Stored data

§ §

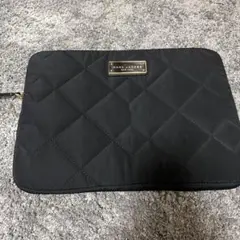 MARC JACOBS ブラック ノートPCケース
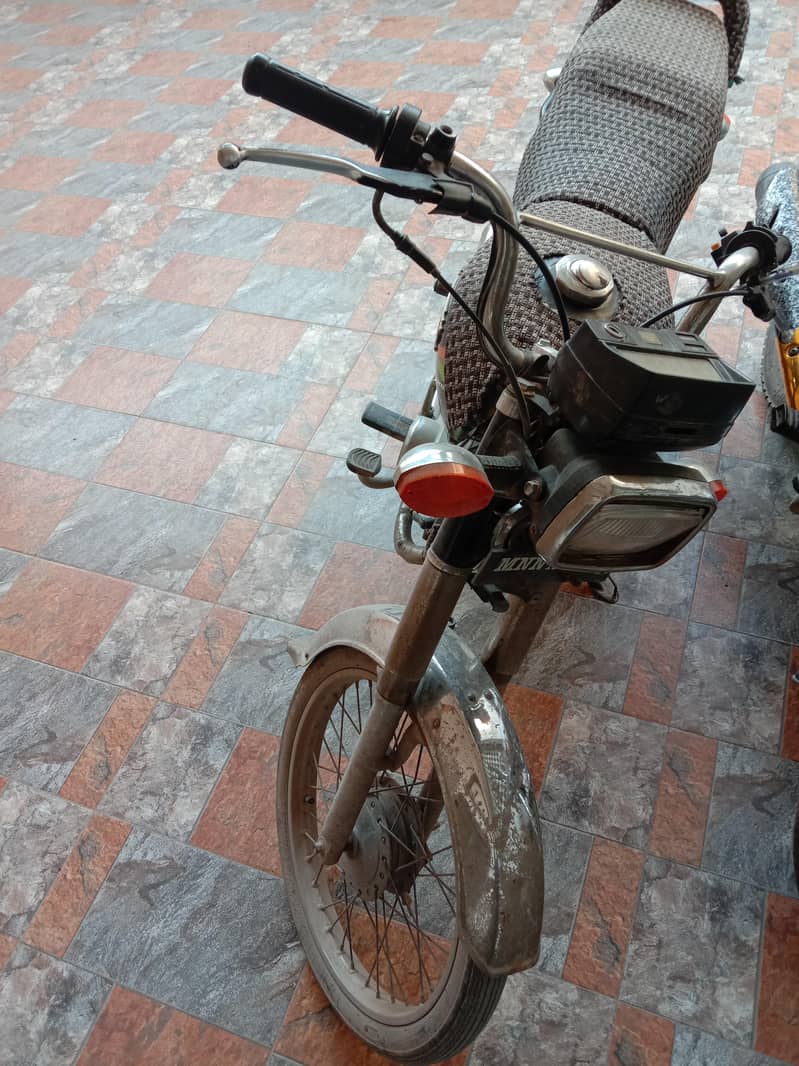 high speed 2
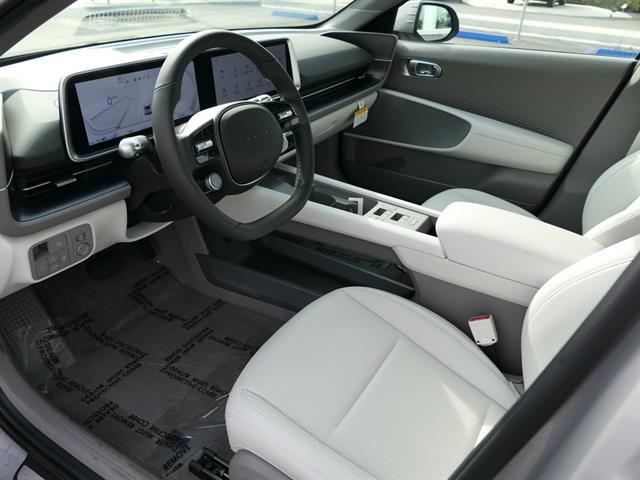 2025 Hyundai IONIQ 6 SEL Glendora CA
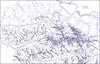 Карты Северо-чуйского и Южно-Чуйского хребта(Карты Северо-чуйского и Южно-Чуйского хребта) - 100000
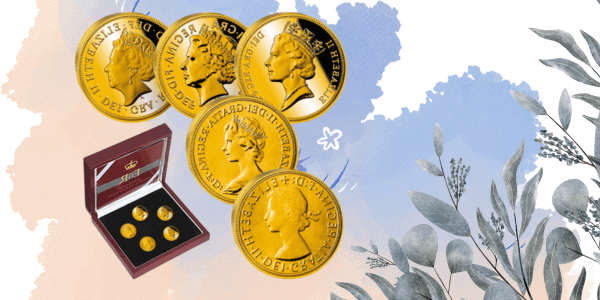 How Much Is A Queen Elizabeth Coin Worth: Currently Very Much In Demand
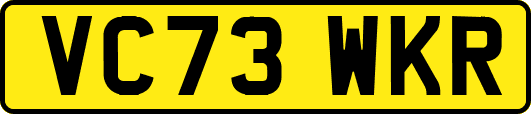 VC73WKR
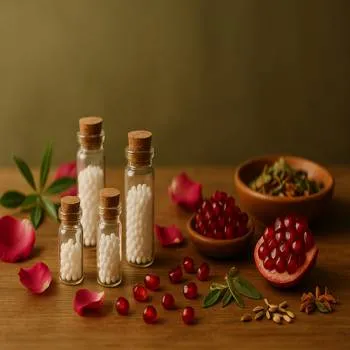 Book a Homeopathy Consultation for Feminine Disorders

§ §

Task description
What is needed here is an exact transcription of every record above, with images excluded.

Expected answer
 MARC JACOBS ブラック ノートPCケース
 high speed 2
 2025 Hyundai IONIQ 6 SEL Glendora CA
 Карты Северо-чуйского и Южно-Чуйского хребта(Карты Северо-чуйского и Южно-Чуйского хребта) - 100000
 How Much Is A Queen Elizabeth Coin Worth: Currently Very Much In Demand
 VC73WKR
 Book a Homeopathy Consultation for Feminine Disorders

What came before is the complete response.